Job performance reviews can be an assent or a liablity for both the company and the employee. (Undated) Credit: iStock

Performance reviews.

At many companies it's that dreaded once-a-year, awkward interaction between manager and employee that highlights the good, the bad and occasionally the ugly.

Although they're meant to help improve performance, often  they are huge time wasters because managers either come ill-prepared or fall prey to some of the more common mistakes, including sugarcoating bad behavior, say experts.

"Unfortunately, performance reviews are almost universally despised by both managers and employees," says David Lee, founder of HumanNatureAt Work.com, a leadership development and employee engagement firm in Saco, Maine.

"If managers knew how to give effective reviews, not only would they be more likely to get the kind of performance they want, but they'd also have a more motivated employee."

With that in mind, here are some common mistakes to avoid:

1. The element of surprise. The operative term in performance review is "review," says Lee. This isn't the time for late-breaking news, he notes -- feedback should be ongoing year-round. "Surprising someone in a performance review creates the feeling of betrayal," notes Lee.

2.  Missing pieces. Performance reviews aren't just a report card and a potential scolding, they're also a vehicle to help someone in their career, explains Lee. Not including professional and career development (i.e. their goals and how you can help them achieve them) is a mistake, he says.

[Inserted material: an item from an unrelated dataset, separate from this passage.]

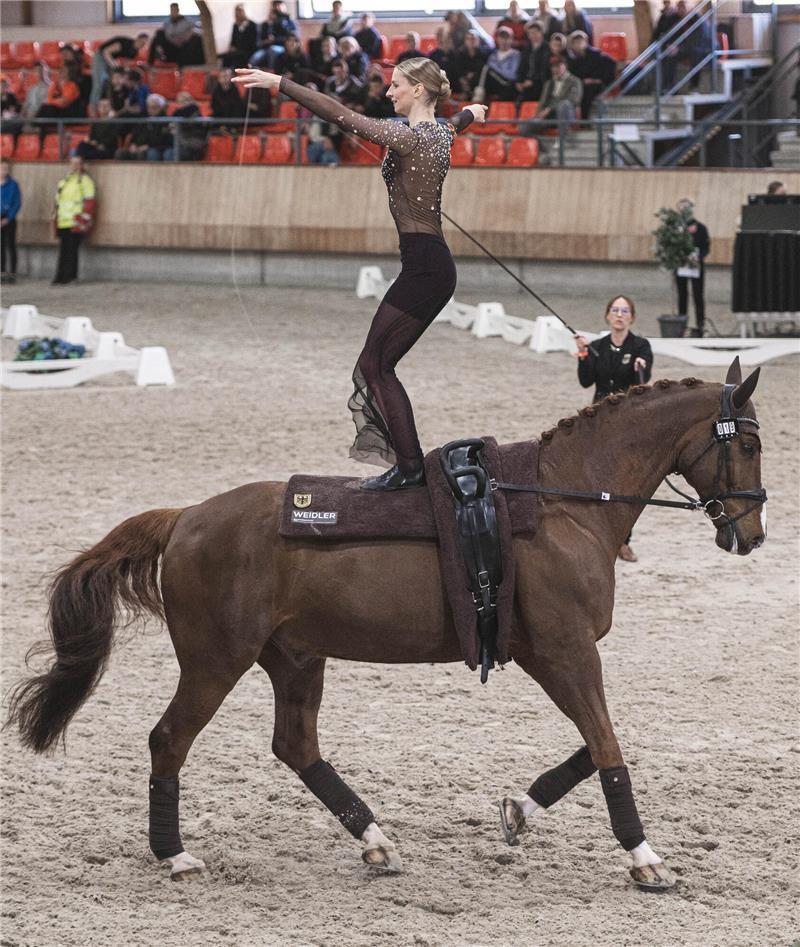 Sie wurden in dieser Kombination Weltcup-Sieger: Das Fredenbecker Trio Kathrin Meyer, Pferd Capitain Claus und Longenführerin und Trainerin Gesa Bührig.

3. Do-it-yourself appraisal. Often companies will ask employees to do a self-appraisal before the formal one-on-one, says Dick Grote, author of  "The Performance Appraisal Question and Answer Book" (Amacom; $17.95) and president of Grote Consulting Corp. in Frisco, Texas.

Of course, these are usually glowing, which makes the manager's job more difficult, especially if it involves countering  the employee's inflated opinion, says Grote.

A better tactic is to ask employees, before the appraisal, for a list of things they've done in the past 12 months that they're really proud of, he recommends. This helps refresh your memory, while giving them input.

4. Giving mixed messages. Managers often give good and bad input equally to both good and bad performers, says Grote. You're not required to say something negative to the good performers or something positive to the bad ones.

In fact, Grote says that with good performers you should focus only on the positive, and with bad performers highlight problem areas and corrective action. "With the great majority of people that are good performers, they should walk away from the appraisal discussion feeling good," says Grote.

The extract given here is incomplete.